Davalı Hazine vekili, TMK.nun 713/2. madde koşullarının oluşmadığını açıklayarak, davanın reddine karar verilmesini savunmuştur.
Mahkemece, TMK.nun 713/2. madde koşullarının oluştuğu gerekçesiyle davanın kabulüne karar verilmesi üzerine; hüküm, davalı Hazine vekili tarafından temyiz edilmiştir.
Bilindiği üzere ve kural olarak; TMK.nun 713/2. maddesindeki “..."in tapu kütüğünden anlaşılamaması...” hali, taşınmaz malın sahibinin kim olduğunun bilinmesine yarayacak gerekli bilginin tapu sicilinden çıkarılmasının imkansız olmasıdır (HGK. nun 10.4.1991 tarih, 1991/8-51 Esas, 194 Karar sayılı ilamı). Kütükteki bilgi ve belgelerden, gerekli dikkati gösteren herkesin malikin kim olduğunu anlayamayacağı haller ile malik adının müphem ve yetersiz gösterilmesi, malik adının silinmiş ve yenisinin yazılmamış olması gibi hallerde malikin tapu kütüğünden anlaşılmadığı sonucuna varılabilir
Somut olayda; davacılar vekili dava konusu 72 parsel sayılı taşınmazda 1/20 pay sahibi görünen kayıt maliki "ölü ..."nin tapu kütüğünden kim olduğunun anlaşılamadığını açıklayarak TMK.nun 713/2.maddesi gereğince iptal ve tescil isteğinde bulunmuştur. Dava konusu 72 parsel sayılı taşınmaza ait kadastro tutanağındaki açıklamalara göre; parsele uygulanan dayanak, K.Evvel 1323 tarih ve 9 sıra numaralı tapu kaydı ile 1/20 payın ... zevcesi ...Hanım"a ait olduğunun yazılı bulunduğu ve Kadastro Komisyonunun 13.07.1972 tarihli kararı ve ekli belgelerden de, 1/20 payın ...Dudu"ya ait olduğu iddia edilerek bu şahsın torunu olan Tarık Tengiz"in daha sonra itirazından vazgeçmesi nedeniyle kadastro tespitinin 08.03.1973 tarihinde kesinleştiği anlaşılmaktadır. Dava konusu parsele kadastro çalışmaları sırasında uygulanan K.Evvel 1323 tarih ve 9 sıra numaralı tapu kaydı tüm tedavülleriyle birlikte dosya arasında bulunmamakta ise de, 72 parselin kadastro tutanağı ve kadastro komisyon kararı ile ekli belgelere göre, kayıt maliki bilinmeyen kişi olmayıp aksine tanınan ve bilinen bir kişidir. Kayıt malikinin ölüm tarihi ve mirasçılarının belirlenmemesi, kimliğine ait bilgilerin elde edilememesi ve adresinin saptanamaması gibi hususlar o kişinin tapu kütüğünden maliki bilinmeyen kişi olarak nitelendirilmesini gerektirmez. Bununla kanun koyucu tarafından tapu kütüğünün incelenmesinden anlaşılamayan, kim olduğu belirlenemeyen hayali kişiler amaçlanmıştır. Saptanan somut ve hukuki olgular karşısında davanın maliki tapu kütüğünden anlaşılamayan sebebine dayanılarak açıldığı ve kayıt malikinin kanun anlamında bilinen kişi olduğunun anlaşılması karşısında mahkemece davanın reddine karar verilmesi gerekirken, yazılı gerekçe ile kabulüne karar verilmiş olması doğru olmamıştır.

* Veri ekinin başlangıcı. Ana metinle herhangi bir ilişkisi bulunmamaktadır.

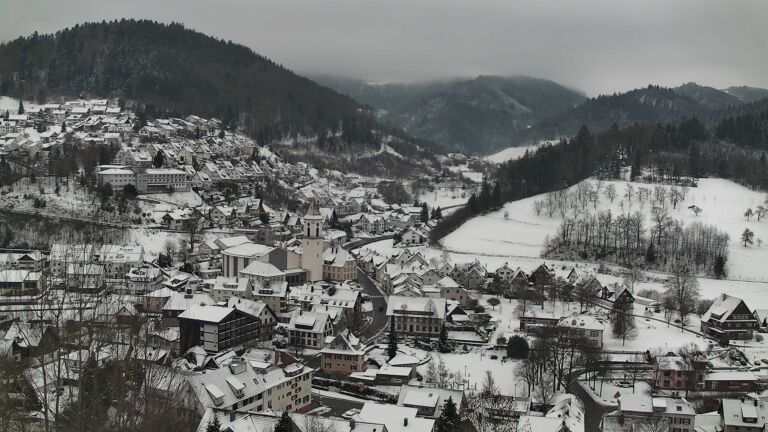 Dieses Bild zeigt eine Webcam-Aufnahme von Ottenhöfen, aufgenommen am Dienstag, den 06.01.2026 um 15:30 Uhr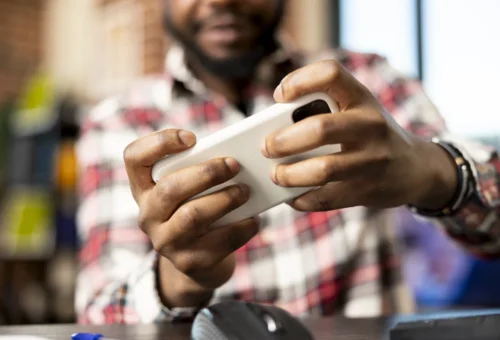 Billionaires online, broke offline: Nigerians escape reality inside viral games 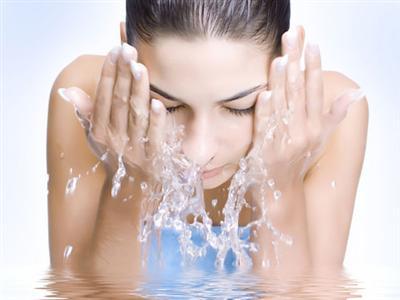 Splash cold water on your face or rub an ice cube on your face. The water is like a key to your pores; hot water unlocks, cold water locks. Doing all of these steps will get all of the dirt and bacteria out. Doing this everyday for a week will bring you happy, healthy, pretty skin!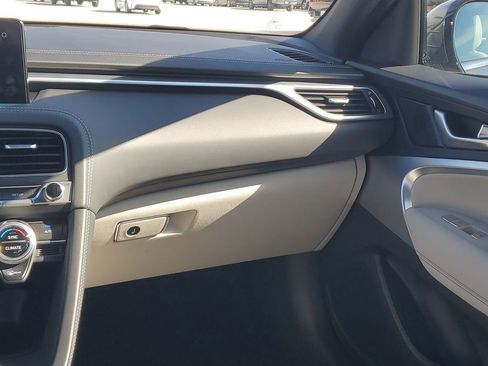 Used 2023 Genesis G70 2.0T image 26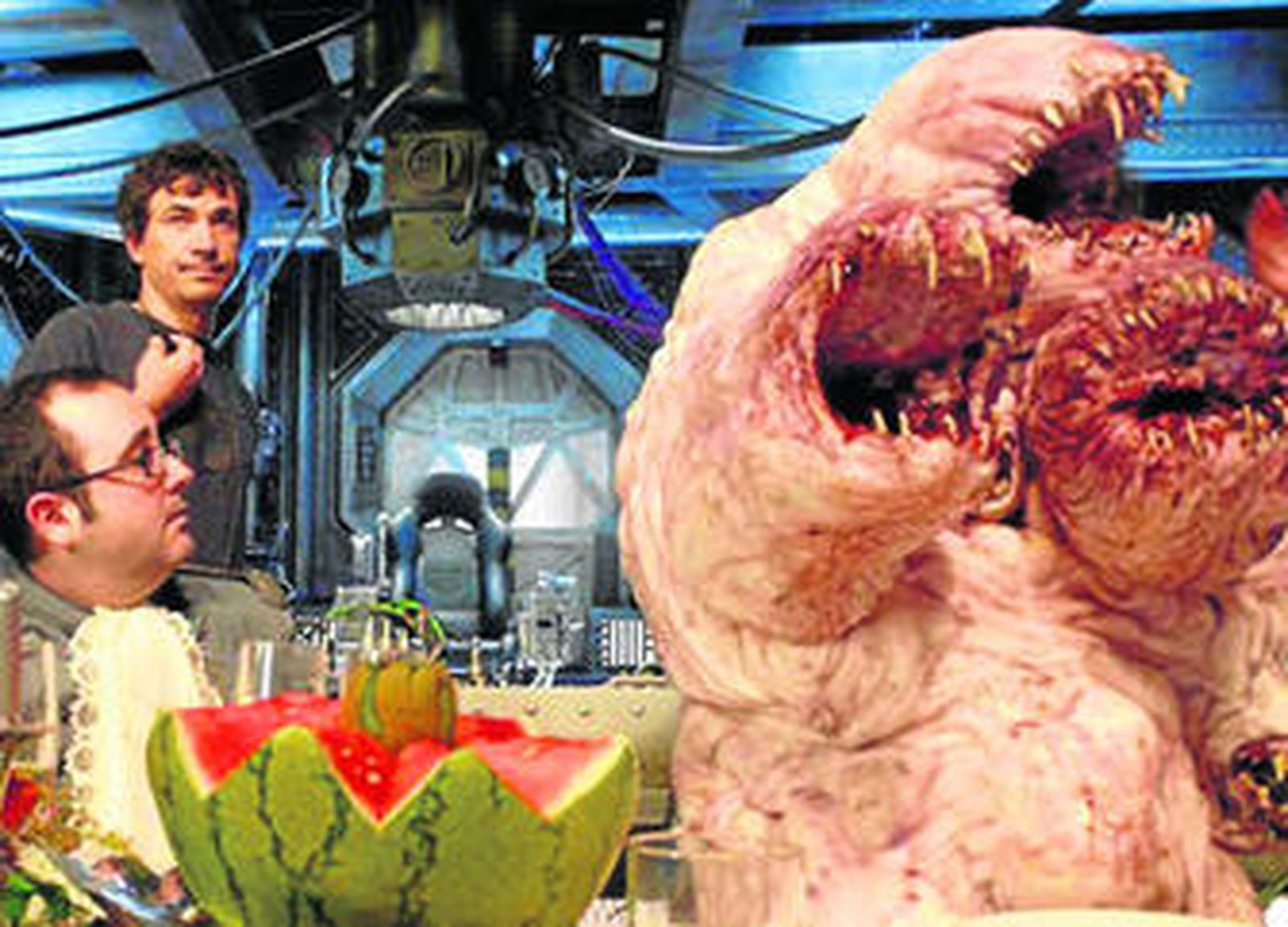 Arriba, una de las imágenes. Sobre estas líneas, la autora en el acto de inauguración de la muestra.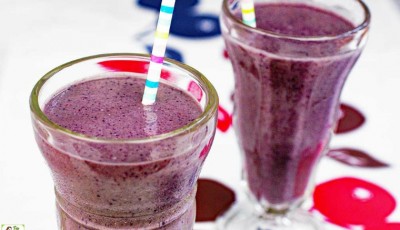 How to Make a Protein Packed Berry Smoothie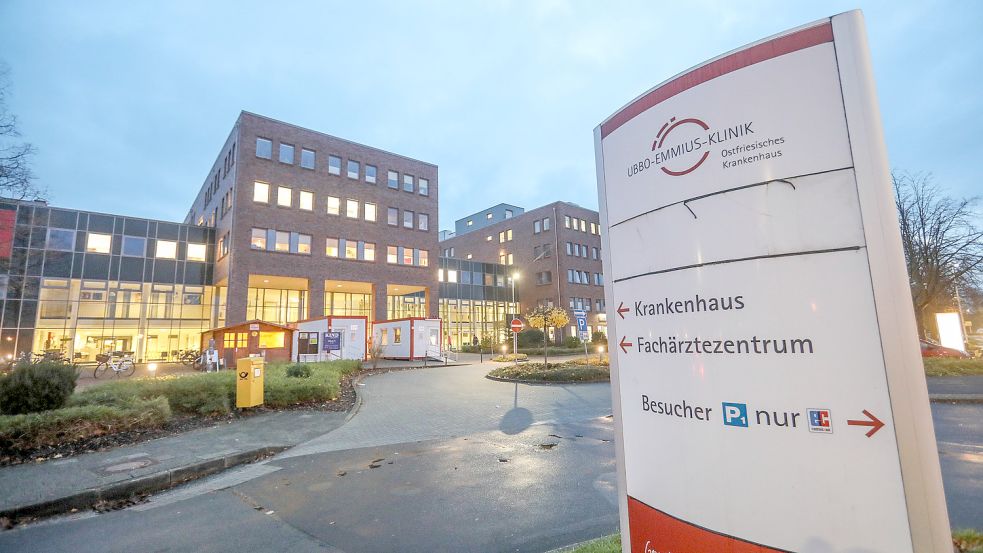 An der Sichtungsstelle am Eingang zum Klinikum müssen Besucher ihre Testnachweise vorzeigen. Ein eigenes Testzentrum ist derzeit nicht in Planung. Foto: Romuald Banik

Yukarıda açıklanan nedenle davalı Hazine vekilinin temyiz itirazları yerinde görüldüğünden kabulü ile usul ve kanuna aykırı bulunan hükmün 6100 sayılı HMK.nun Geçici 3.maddesi yollamasıyla 1086 sayılı HUMK.nun 428. maddesi uyarınca BOZULMASINA, 06.12.2011 tarihinde oybirliğiyle karar verildi.